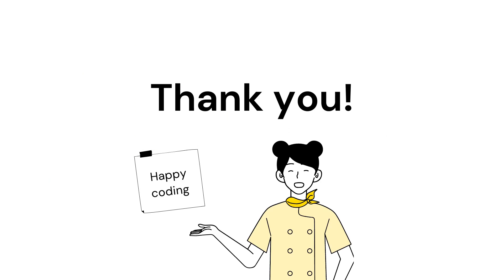Thanks for your time. I hope you enjoyed the session. Happy coding and do subscribe to my channel for more such interesting videos.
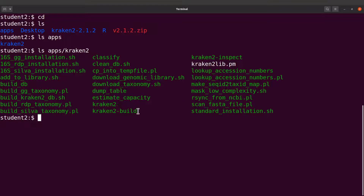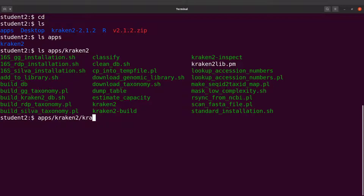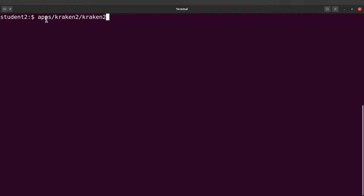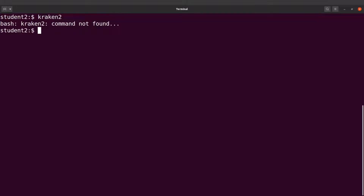With the current setup, if we want to run Kraken 2 or execute any of the scripts, we need to specify the full path. For example: apps/kraken2/kraken2 — let's test this command. It's working fine. But with the current setup we always have to specify the full path, which can be problematic if we're working in different directories. We want to be able to just call kraken2 directly and have it execute.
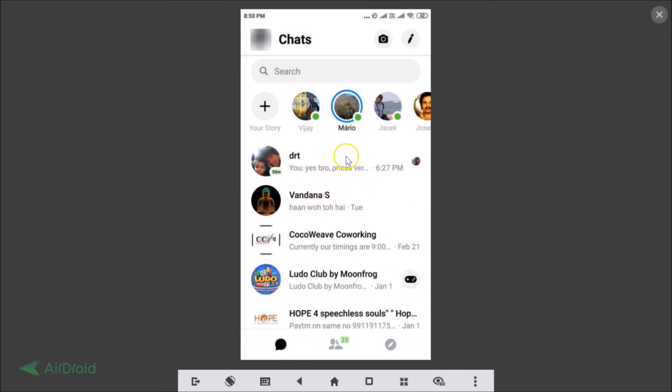In this way you can remove messages and delete conversations on the Facebook Messenger app on Android. That's it, thanks for watching. If you like my videos, please support this channel by subscribing. Thanks, bye bye.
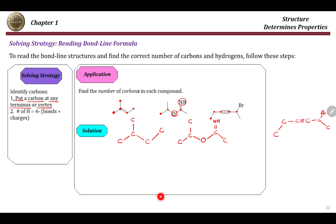How do we know the number of hydrogens? Simply, subtract four minus the number of bonds plus charges. If you have charges, you have to include them in your calculations. For example, at this terminal carbon we have four minus one bond, that's three, and that's why we have CH3 here. At this carbon we have four minus three bonds, so that's one, and that's why we just have one H here.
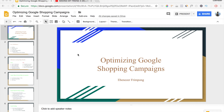What is up guys and welcome back to the channel. If you don't know who I am or if you're not subscribed to this channel just yet, my name is Ebenezer Frenpong. I'm an e-commerce entrepreneur and I just do things a tad bit differently. Be sure to subscribe and follow me on social media — the links will be in the description.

★ ★ ★ ★ ★

§ **Problem to solve**
Every record above, copied exactly and without a single picture, makes up the answer.

§ **Response to the exercise**
Thanks for your time. I hope you enjoyed the session. Happy coding and do subscribe to my channel for more such interesting videos.
With the current setup, if we want to run Kraken 2 or execute any of the scripts, we need to specify the full path. For example: apps/kraken2/kraken2 — let's test this command. It's working fine. But with the current setup we always have to specify the full path, which can be problematic if we're working in different directories. We want to be able to just call kraken2 directly and have it execute.
In this way you can remove messages and delete conversations on the Facebook Messenger app on Android. That's it, thanks for watching. If you like my videos, please support this channel by subscribing. Thanks, bye bye.
How do we know the number of hydrogens? Simply, subtract four minus the number of bonds plus charges. If you have charges, you have to include them in your calculations. For example, at this terminal carbon we have four minus one bond, that's three, and that's why we have CH3 here. At this carbon we have four minus three bonds, so that's one, and that's why we just have one H here.
What is up guys and welcome back to the channel. If you don't know who I am or if you're not subscribed to this channel just yet, my name is Ebenezer Frenpong. I'm an e-commerce entrepreneur and I just do things a tad bit differently. Be sure to subscribe and follow me on social media — the links will be in the description.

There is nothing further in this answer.